At any rate, I've been noodling around the internet, and it turns out the "expert" was wrong. There are actually two kinds of credit inquries, soft and hard; and only hard inquiries, made for example by credit card companies when you open a new account, affect your rating. Soft inquiries, including inquiries by individuals and potential employers, don't have any effect on scores. I mention this beause it seems to be a common misconception.

Also, I can find no evidence (see, for instance, here, here, and here) that credit ratings are calculated relative to others' scores. They may be treated relatively in the market, so that if everyone's score suddenly declined, lower scores would be accepted for the same transactions. But this is a market effect, not part of the score itself, and presumably there would be a considerable lag.

MORE: Sweth fleshes this out considerably in comments.

Comments
Sweth  {February 27, 2005}

Soft inquiries definitely don't affect credit scores, and credit scores aren't even treated relatively by the market--the rates are determined by the return that the lenders' investors demand for a given level of risk, and the credit scores inversely reflect that risk; if the entire population suddenly became riskier to lend to, then the investors would demand that higher level of return just the same, because they would still have just as many non-lending options for investing their money. Of course, people taking advantage of their right to check their own credit scores doesn't actually make them any riskier, and FICO et al know that, which is why they make a distinction between hard credit checks and soft checks in the first place.

(Even if checking your own credit did count against you, each hard check only lowers your FICO score by ~3 points for 2 years. For a mortgage, very roughly speaking, you can expect that each point lower your credit score goes, you will pay a ~0.01% higher rate, and each 1% higher rate equates to ~$64/mo more that you pay per $100k of the loan. So someone taking out a $300k mortgage to buy a house would end up paying an extra ~$70/year for that 3 point ding to their credit score. IMHO, that would be more than worth it to get confirmation of your current credit info on a semi-regular basis.)

(And for people who are afraid of shopping around for rates because of it would cause multiple such dings to their score--FICO explicitly states that they count all mortgage-related checks within a 30 day window as a single inquiry for credit score calculation, and likewise for auto-loan-related checks. So rate shop away, as long as it's for just a few weeks.)

paul  {February 27, 2005}

Thanks for the further detail, Sweth.

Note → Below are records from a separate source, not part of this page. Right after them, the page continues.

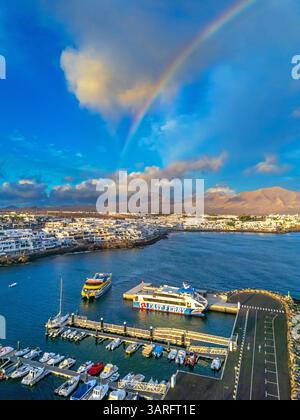 Lanzarote. Kanarische Inseln, Spanien. 02.02.2025 atemberaubender Regenbogen über Playa Blanca, aufgenommen bei Sonnenuntergang. Februar 2025. Stockfoto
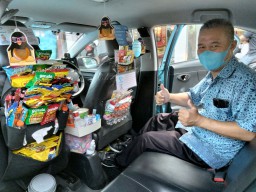 Viral Taksi di Surabaya Dipenuhi Makanan Ringan, Ini Sosok Sopirnya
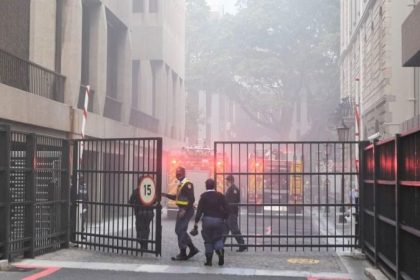 Südafrikas Parlament in Flammen: Mutmaßlicher Brandstifter festgenommen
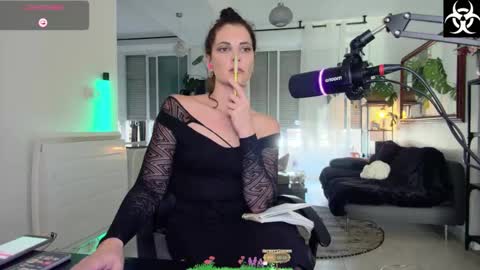 Lana The Virus online show from October 2025 11:54:02 AM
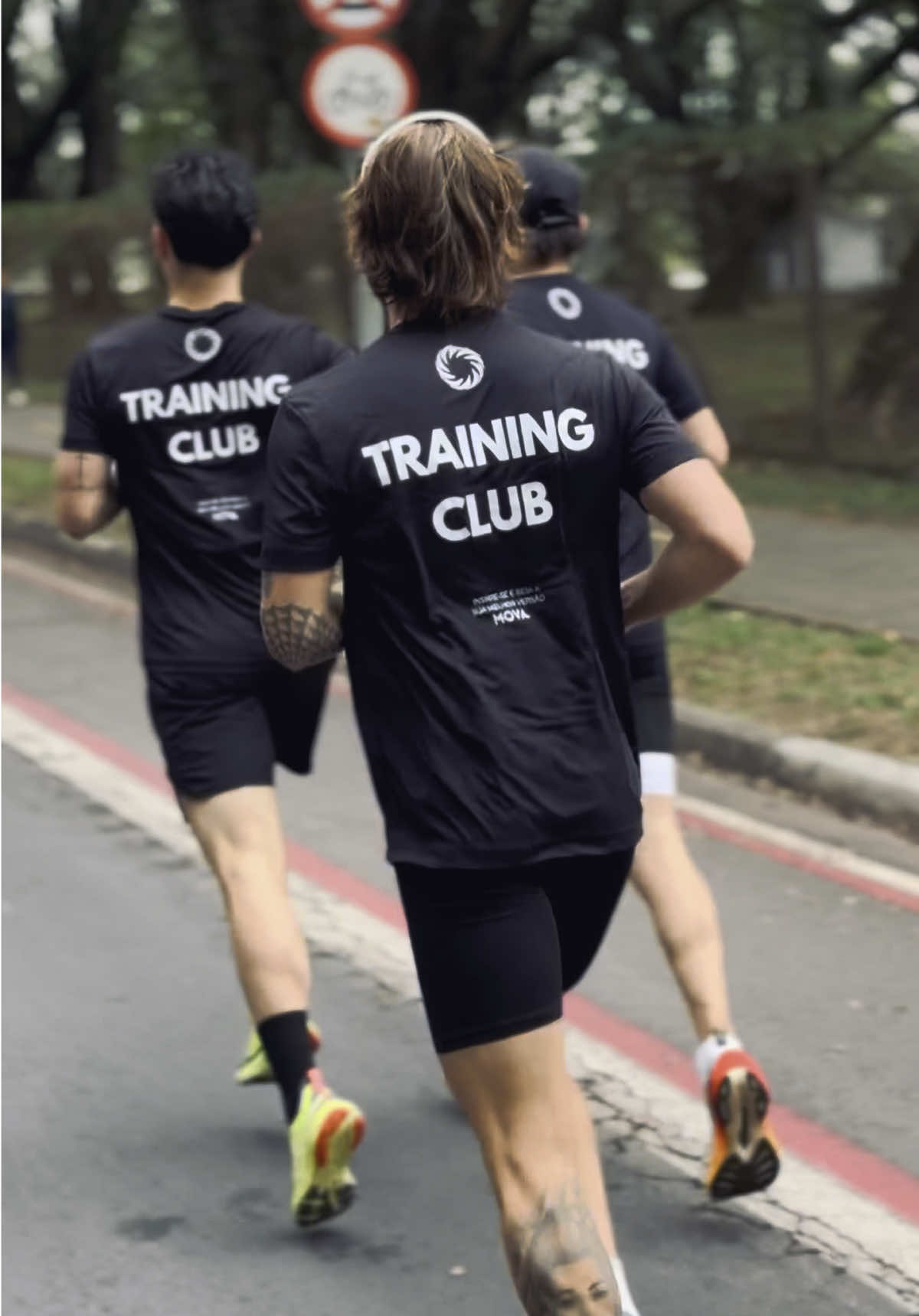 Lifestyle MOVA 🔥 #mova #movaclub #style #ligestyle #adidas #nike #corrida #Running #run #training #soumovaclub #club #saopaulo #movatrainingclub #viral #fyp 
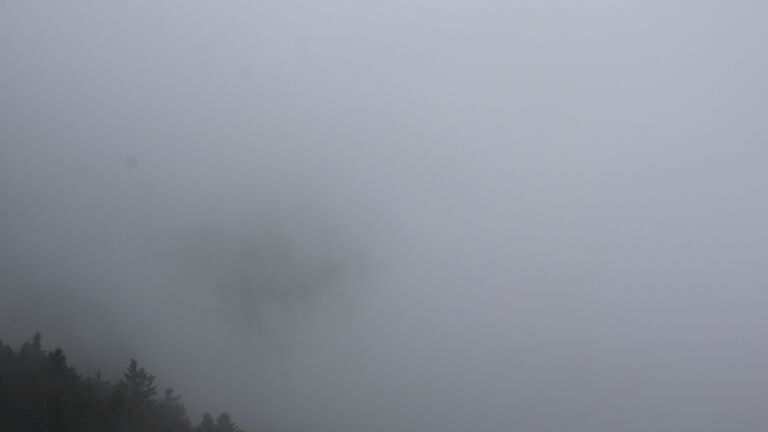 Dieses Bild zeigt eine Webcam-Aufnahme vom Achertal, aufgenommen am Montag, den 11.05.2026 um 08:40 Uhr. Die Temperatur betrug 7.9°C.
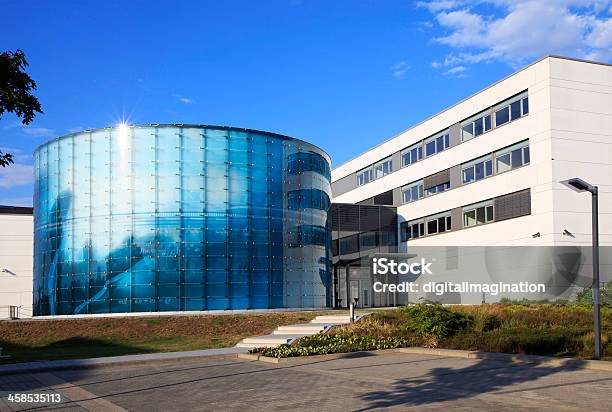 Frauenhofer Iff Vdtc Edificio En Magdeburgo De La Ciencia Puerto Foto de stock y más banco de imágenes de Aire libre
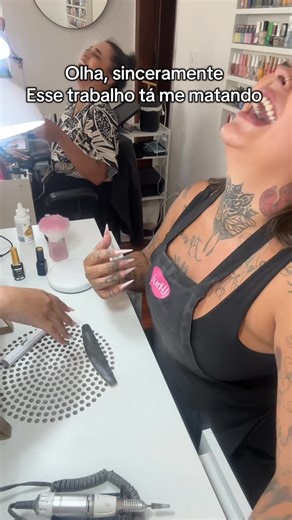 Gabriela Gasparotti || Nail Design on Instagram: "Caos, dedo no c# e gritaria 😂 #viral #viralreels #viralvideos #explore"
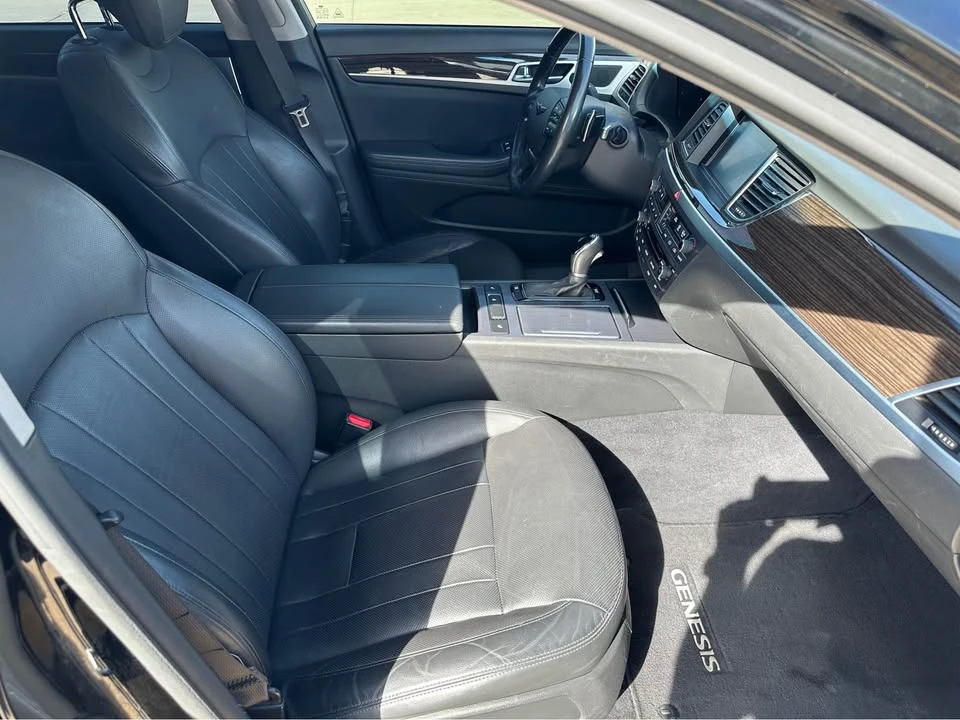 2016 Hyundai Genesis - Image 8 of 11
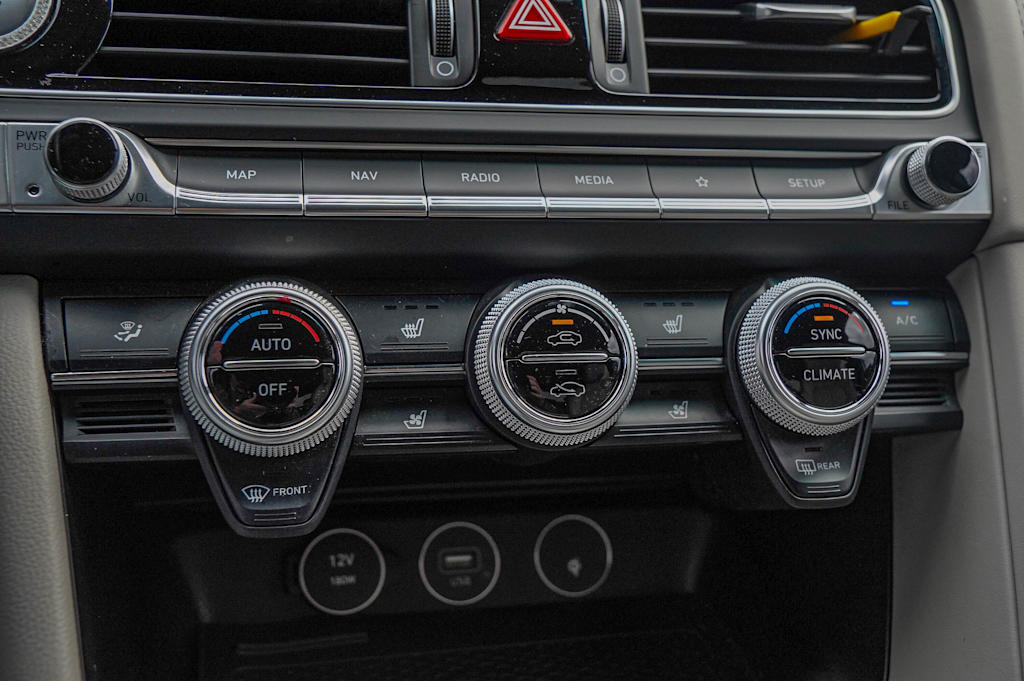 Thumbnail: 2023 Genesis G70 - 23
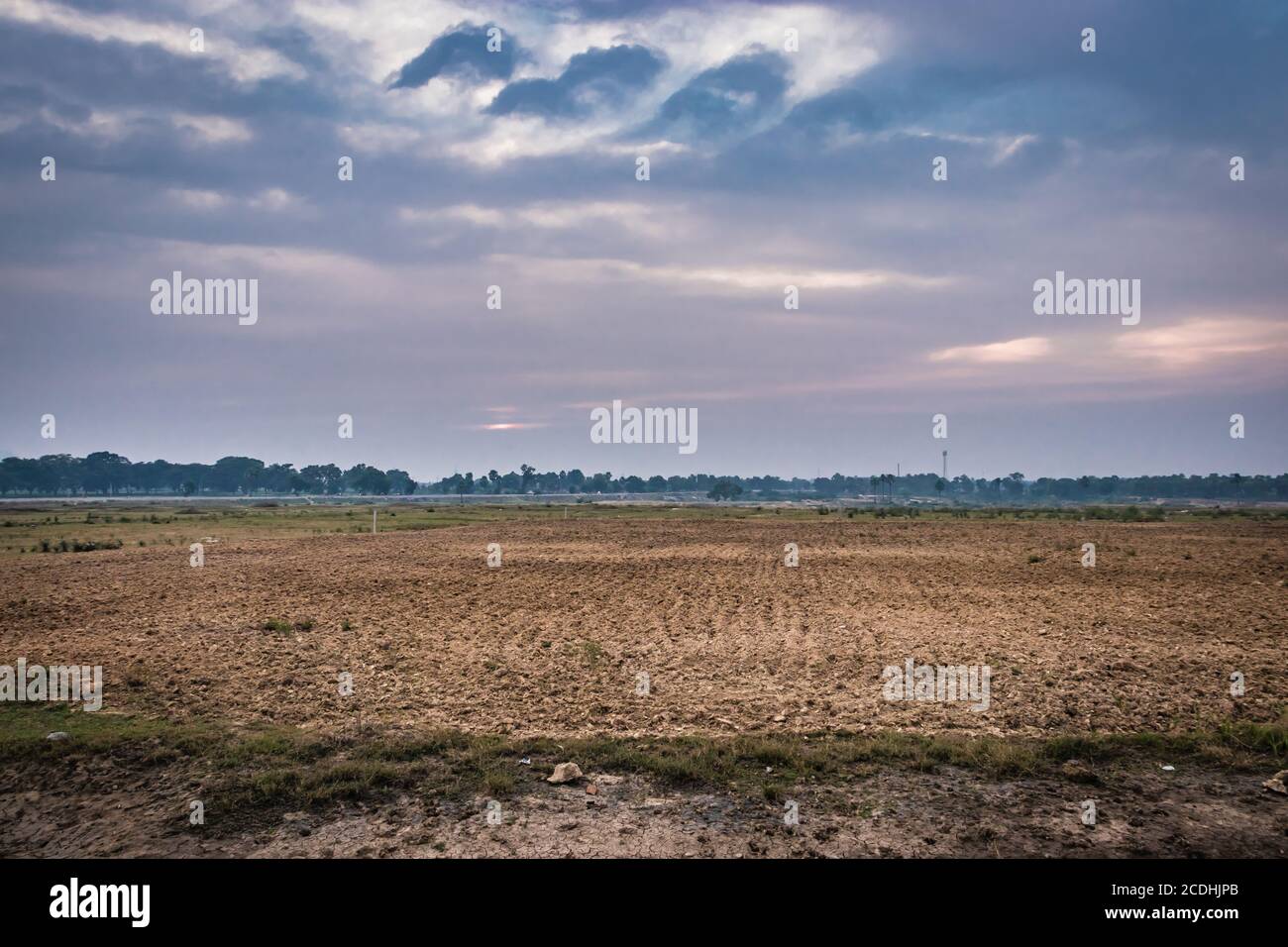 Landschaft leere ländliche Gegend mit Nebel und umgeben von Bergen am Morgen Bild wird bei Dashlrath manjhi Pfad gaya bihar Indien genommen. Es ist sho Stockfoto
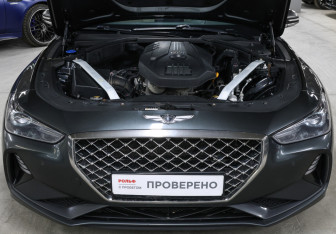 Подержанный автомобиль Genesis G70 2019 года (9 фото)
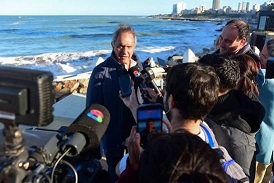 http://www.lacorameco.com.ar/imagenes/scioli_turismo.jpg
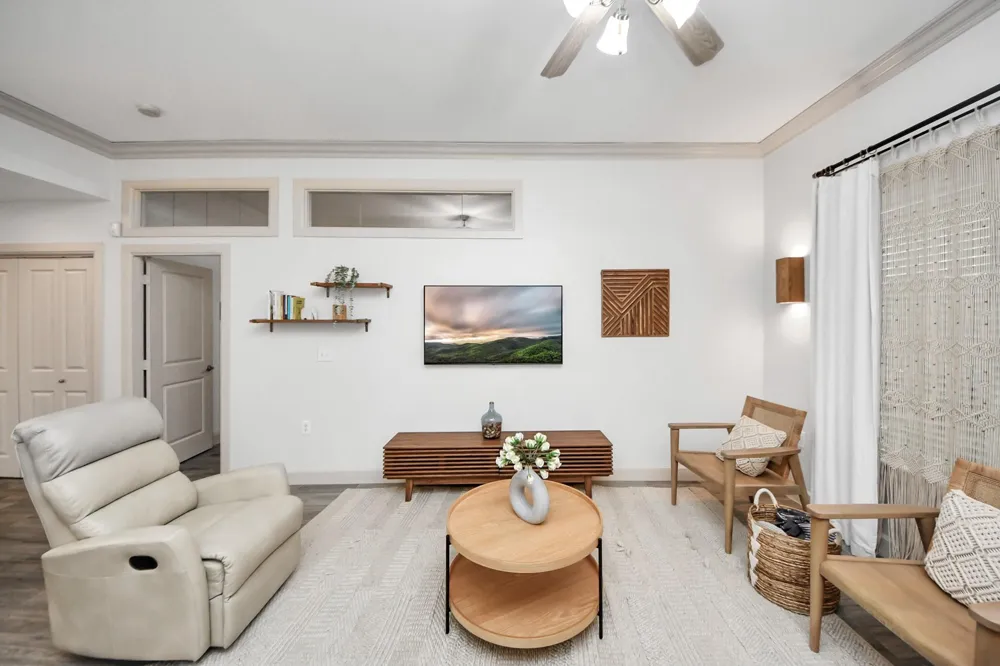 1900 Genesee Street #204 Houston, TX 77006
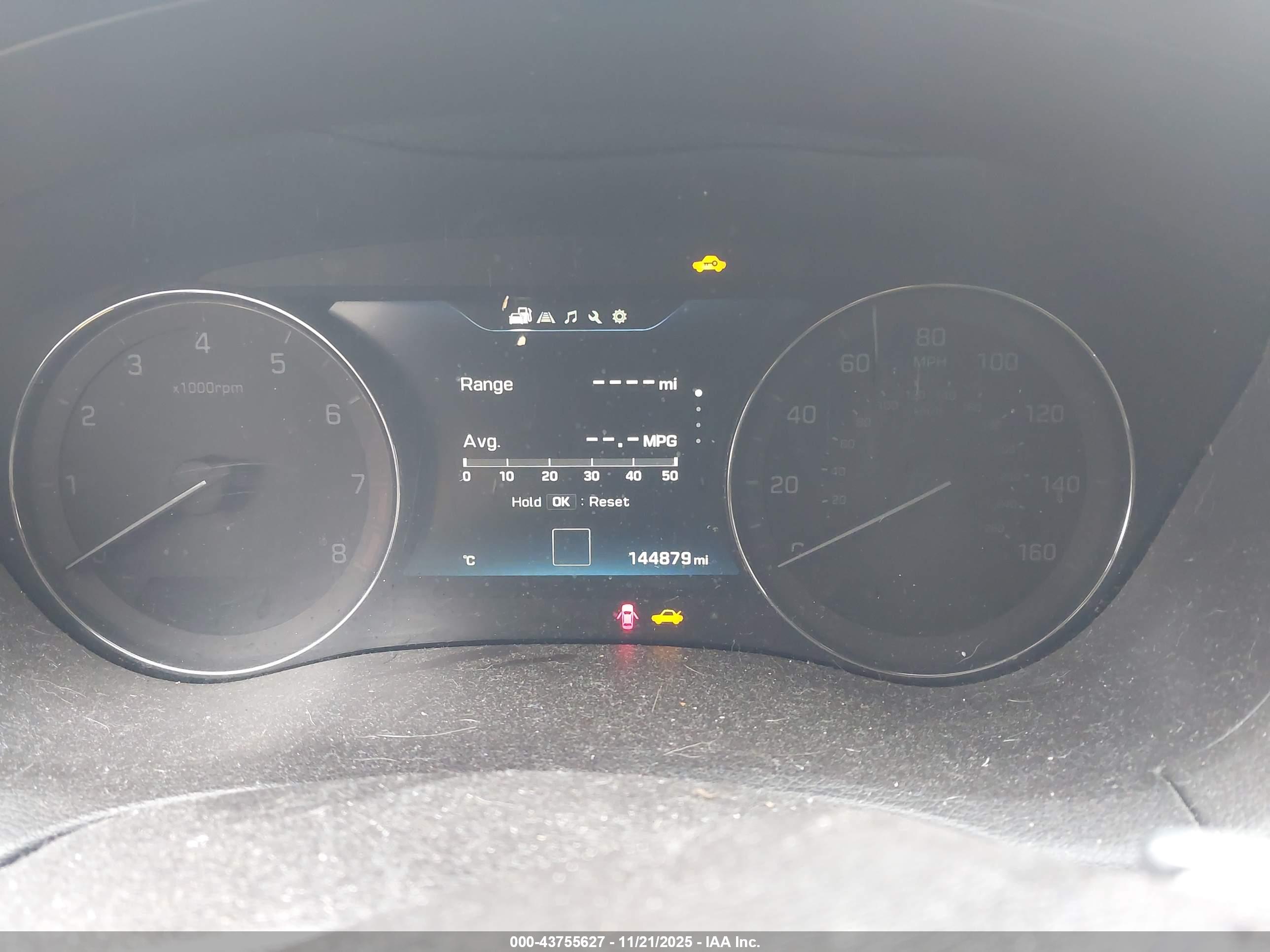 HYUNDAI GENESIS image 7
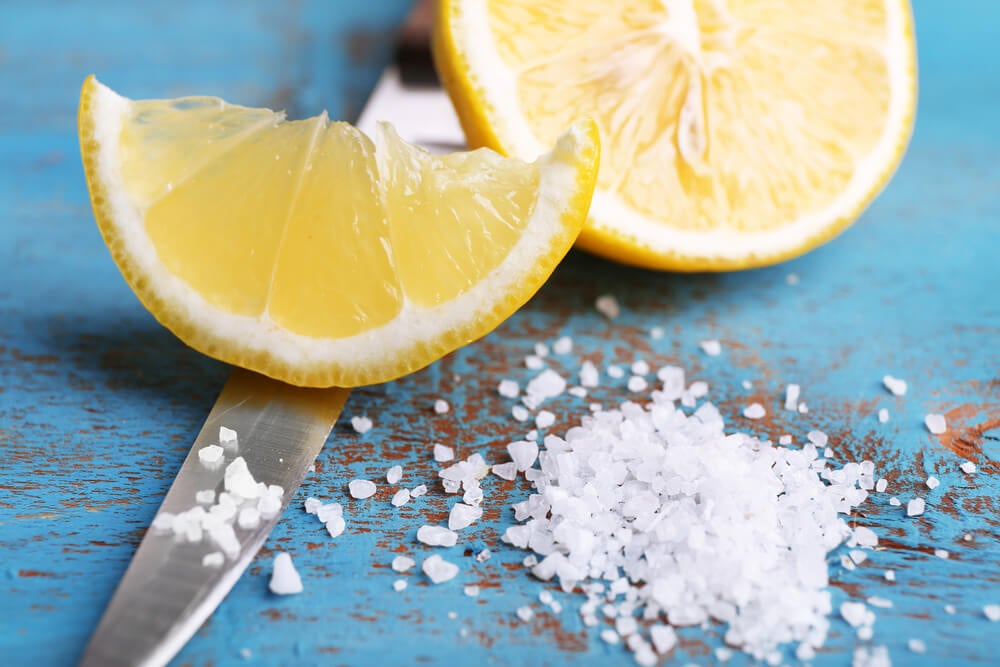Elimina las manchas, el olor y las bacterias de tu tabla de cocina con sal y limón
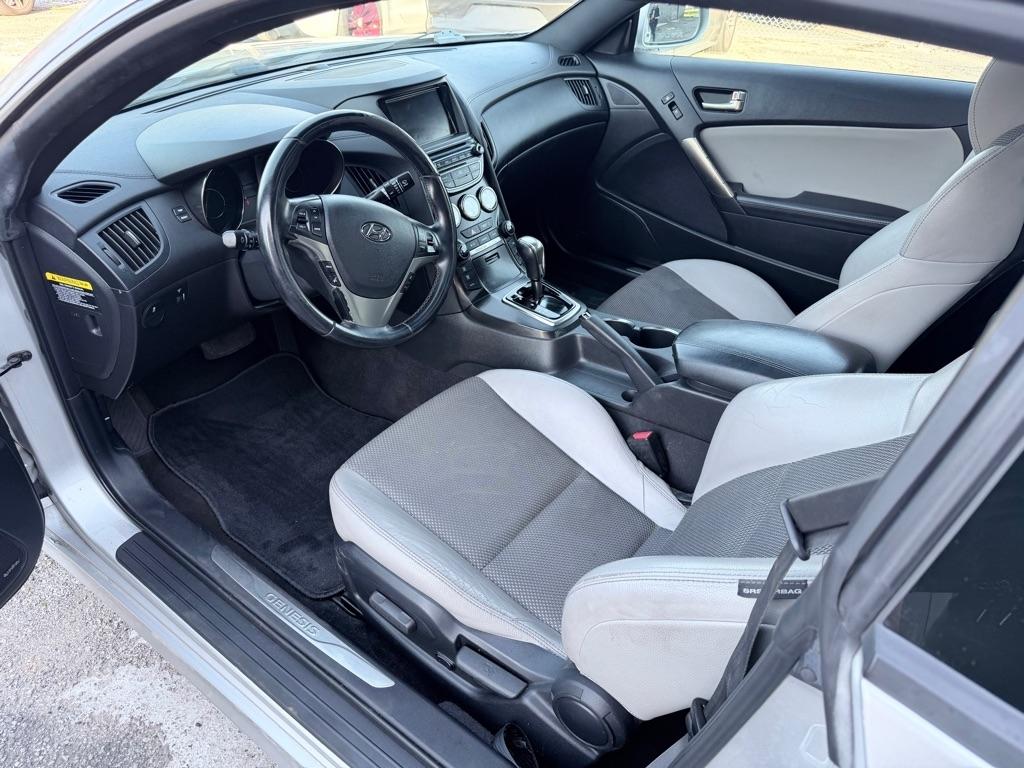 Hyundai Genesis Coupe 2.0T 8AT 2014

It hadn't occurred to me that other lending options would remain available even if the population as a whole grew riskier, but obviously this would be the case, and people would just lend less. I suppose you could do some kind of comparative study across different legal systems (with better and worse lending contract enforcement) to see this effect.

Sweth  {February 27, 2005}

The big difference isn't lending contract enforcement; it's actually the presence of a strong secondary mortgage market. In most countries (and in the US until Fannie and Freddie were created), mortgage lending is disconnected from the rest of the capital market, so a riskier lending environment could result in the market readjusting what its acceptable level of risk for a given return is. Since most loans now are "conventional" loans that Fannie and Freddie can buy from the original lenders, bundle together, and then resell as, say, "$1 million of loans with a return of 4%", US mortgages are now essentially backed by a bond market, and so investors can move their money back and forth from that market to traditional capital markets like stocks and other bonds, meaning mortgages have the have to meet the same risk-return criteria as other investments.